I am busy. I work a 50 hr week. I am working towards exams for the last time (thank heavens). I go running. I see my friends. I socialise. I play music. I have been staying with friends for last 5 days, she doesn't know where, or what I am doing. I let her know I was safe and when I would be back, and told her I'd booked counselling as I would find it beneficial and she could come if she liked.
She has moved her work commitments in order to come to counselling. This is a big positive. She also stated how positive she found the last session.
My previous is a 3yr relationship which ended in marriage and then fell apart because a few weeks after getting back from honeymoon the XW was sleeping with one of my best mates and my work colleague. I fought hard for that one too initially, but they rode off into the sunset eventually, and I decided I didn't want her in the end if she could exhibit that kind of behaviour with no remorse. We divorced, which I found very difficult as I've always believed that marriage is for life and you don't just give up when it hits a rocky patch.

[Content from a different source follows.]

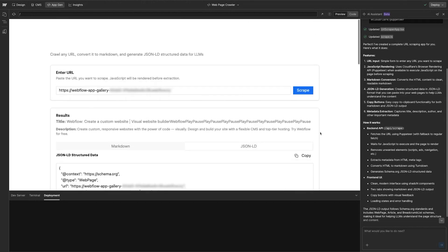In just a couple of minutes, I was able to speak plain English and get a whole app that will make it easy for me to, at scale, go make my pages easier for LLMs to understand. There's no way I would have been able to go do that in any reasonable amount of time without this.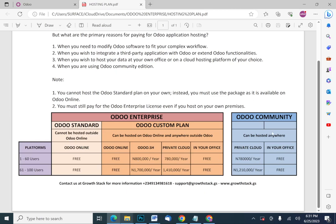For Odoo Community, it's free — you don't have to pay for a license. However, there are many things you will not find in the Community edition that are available in Enterprise. You need to host the Community edition either in a private cloud or in your office. Those are the two options available, and no license fee is required for Community.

But she obviously didn't have the same views in the end, despite spouting them ad nauseum to me before we tied the knot. I never got any other feedback from her about what was missing in our relationship. I have had 3 other long term relationships of between 3 and 5 yrs which finished on good terms as we ended up in different stages of life with different ideals to follow. I am still friends with these exs.
Her previous is a 10yr relationship and a few 6 month ones since. She was single for about 8 months before we met.
We have broken up. She broke up with me. I am living in HER house. It is not a joint house. She owns the deeds, pays the mortgage. I have no claim on it (I own my own property but it is 400 miles away). I find it difficult to stay on that basis, although I think as long as we are attending counselling together I will endeavour to do so.
Prior to meeting we are both in similar stages of life. Careers gone well, decent jobs, financially secure, want to settle down and have a family. That is both our deals.
And now, I have the joys of night shifts until Monday morning.
Reality is that which, if you don't believe in it, doesn't go away.